When events of uncaring disconnection (from fellow human beings, from history) happen—when people pull others into their pain, insecurities, and fear, as I believe is the case most of the time—the consequences turn into the greatest crises we see—terrorism, unjust laws and systematic practices, murder, genocide, everyday hatred, etc. It is hard for me to continue to believe in the “grieving process” or “human resilience.” And it makes me especially uncomfortable to hear people praise victims for their “dignity” and “grace” in handling injustice. People would not have to grieve or be resilient in these cases if we made our world better and did not waste our human potential—not our potential to build buildings or bridges or “win” a war—but our potential to treat each other humanely and with empathy and actually learn from history. But I guess a historian in a podcast I recently listened to was right—there is no such thing as learning from history. We learn the wrong things from history. But—still—I believe we can learn.

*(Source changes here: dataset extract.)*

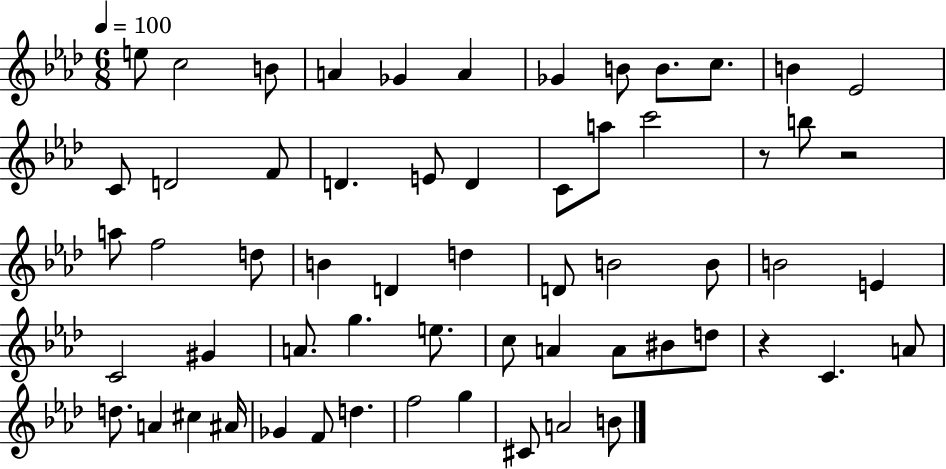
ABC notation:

Sebastião Salgado spent decades depicting, in exquisite black-and-white photographs, horrific human events humans have perpetuated against other humans. He finally had to turn away from war, genocide, starvation, famine, and unspeakable horrors lived. After covering the Rwandan genocide, Salgado lost faith in humanity; his psyche was done. He says, “We are a ferocious animal. We humans are terrible animals. Our history is a history of wars. It’s an endless story, a tale of madness.” He’d reached the “maximum,” as he explains, because photography makes the photographer “part of the subject.” It was nature that rejuvenated him. He captures the beauty of the natural world (and how it does replenish itself) with the message that we must preserve it. This work became Genesis. In this interview with Benedikt Taschen, Taschen expresses that it is his hope that the book will “make a significant contribution to the awareness about the world we live in.”

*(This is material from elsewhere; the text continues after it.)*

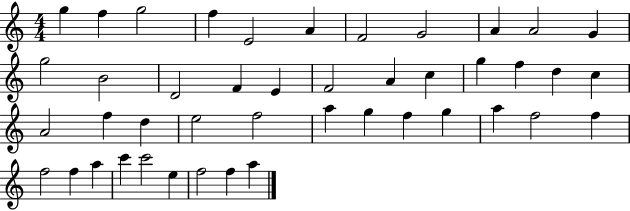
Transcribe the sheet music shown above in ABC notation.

The Salt of the Earth (2014 Academy Award® nominee, Best Documentary Feature, directed by Wim Wenders and Juliano Ribeiro Salgado) shows us that that—contributing “awareness about the world we live in”—is exactly what Sebastião Salgado has always done. With his remarkable spirit as an economist turned photographer, he shows us the land, the water, and the human condition in intimate ways that should bring us closer to one another. I know it made me feel more connected. This stunning documentary reflects Salgado’s stunning life’s work.